Cerco fechado: Natalie Howson, da Australian Sports Drug Agency: exames de sangue para detectar novas drogas

É uma guerra desigual. De um lado, laboratórios e seus clientes em potencial: atletas dispostos a tudo para melhorar de modo “mágico” seus desempenhos, técnicos interessados no sucesso de seus pupilos, dirigentes esportivos pouco éticos pensando em obter mais medalhas e prestígio para seus países. Do outro, correndo atrás para detectar remédios e métodos antidoping, os médicos do Comitê Olímpico Internacional (COI), em busca da preservação dos atletas. O campo de batalha, desta vez, será Sydney, sede dos Jogos Olímpicos de 2000. A Austrália, desde 1990, considera crime o uso de drogas no esporte. E vem realizando um trabalho cada vez mais rigoroso de detecção prévia do doping. “A investida dos australianos, com milhares de exames antidoping, foi altamente positiva. Muita gente deve ter desistido de dopar-se, ou até de competir aqui, sabendo que poderia ser apanhado a qualquer momento pelo COI ou pelos australianos”, afirma o médico brasileiro Eduardo de Rose, membro da Comissão Médica do COI e uma das maiores autoridades mundiais no combate às drogas no esporte.
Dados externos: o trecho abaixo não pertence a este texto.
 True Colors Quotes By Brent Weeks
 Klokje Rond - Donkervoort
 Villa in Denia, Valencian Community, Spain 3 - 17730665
De Rose costuma dizer que o doping jamais será totalmente eliminado, mas o objetivo é criar formas rígidas para diminuir o espaço dos infratores. De fato, o cerco nunca esteve tão fechado. Na Austrália, o órgão responsável pela ofensiva é do governo, a Agência Australiana de Drogas no Esporte (Asda), que contabiliza, desde 1990, nada menos que 30 mil testes de doping realizados em atletas – australianos ou estrangeiros – praticantes de todo tipo de esporte. “Fizemos tudo para que os Jogos de Sydney sejam os mais limpos possíveis”, afirma Natalie Howson, diretora-executiva da Asda. Nos últimos 15 meses, até o dia 2 de setembro, quando o COI assumiu o comando dos testes nos atletas olímpicos, aproximadamente sete mil atletas foram testados. Poucos foram fisgados, a maior parte em esportes não-olímpicos como o fisiculturismo e o rugbi.

Eduardo de Rose,
o brasileiro da comissão antidoping: investida

Todos esses testes foram de urina e buscavam detectar os principais vilões do doping, como os esteróides anabolizantes, que aumentam a massa muscular e a força, os estimulantes e novidades como os beta-bloqueadores, que reduzem os batimentos cardíacos e são usados em esportes como o tiro, o arco e flecha e os saltos ornamentais, onde a concentração do atleta é fundamental. Todo o aparato tecnológico, no entanto, não conseguia detectar a nova estrela do doping, a Eritropetina (EPO), medicamento usado originalmente por doentes renais para aumentar a produção de glóbulos vermelhos. O mundo esportivo foi apresentado à EPO pela primeira vez nas Olimpíadas de Inverno de 1988.Os esquiadores soviéticos surpreenderam ao conseguir várias medalhas batendo, nas provas de longa distância, os noruegueses, de quem eram fregueses de caderneta nas competições internacionais. “Sabíamos que havia alguma coisa errada. Ninguém melhora o desempenho tão rápido. O problema era descobrir qual a artimanha usada”, recorda De Rose. A primeira coisa que os especialistas do COI descobriram foi o uso da EPO. Aumentando a produção de glóbulos vermelhos, o atleta aprimora a capacidade de transportar oxigênio no sangue para os pulmões, ganhando fôlego extra em provas de fundo. Depois de muita pesquisa, foi descoberto um teste capaz de detectar a EPO, colocada como droga proibida já nos Jogos Olímpicos de 1992. “A Austrália faz exames de sangue nos atletas para detectar o uso da EPO. Só faltava o método ser aprovado pelo COI, o que felizmente aconteceu agora”, comemora Natalie Howson. Preocupados em ter uma equipe olímpica livre do doping, a Asda decidiu testar todos os integrantes do time australiano.

Esses exames prévios envolveram até os brasileiros que estão fazendo os treinos finais no Instituto Australiano do Esporte (IAE), em Canberra. Quatro judocas e quatro nadadores do Brasil foram examinados na semana passada. A adoção dos testes antidoping ao longo do ano, a maior eficácia dos exames e a aprovação dos testes de sangue devem ter, no mínimo, assustado uma boa parte dos que se dopavam e pretendiam continuar com a prática. Na quarta-feira 6, o Comitê Olímpico chinês comunicou aos australianos o corte de 27 atletas que “não foram aprovados em testes”, entre eles sete remadores que tinham sido anteriormente flagrados com EPO. Mas há uma nova vedete na área: o uso do hormônio de crescimento para aumentar a massa muscular. Como a substância é natural, não aparece nos exames. A luta não acaba.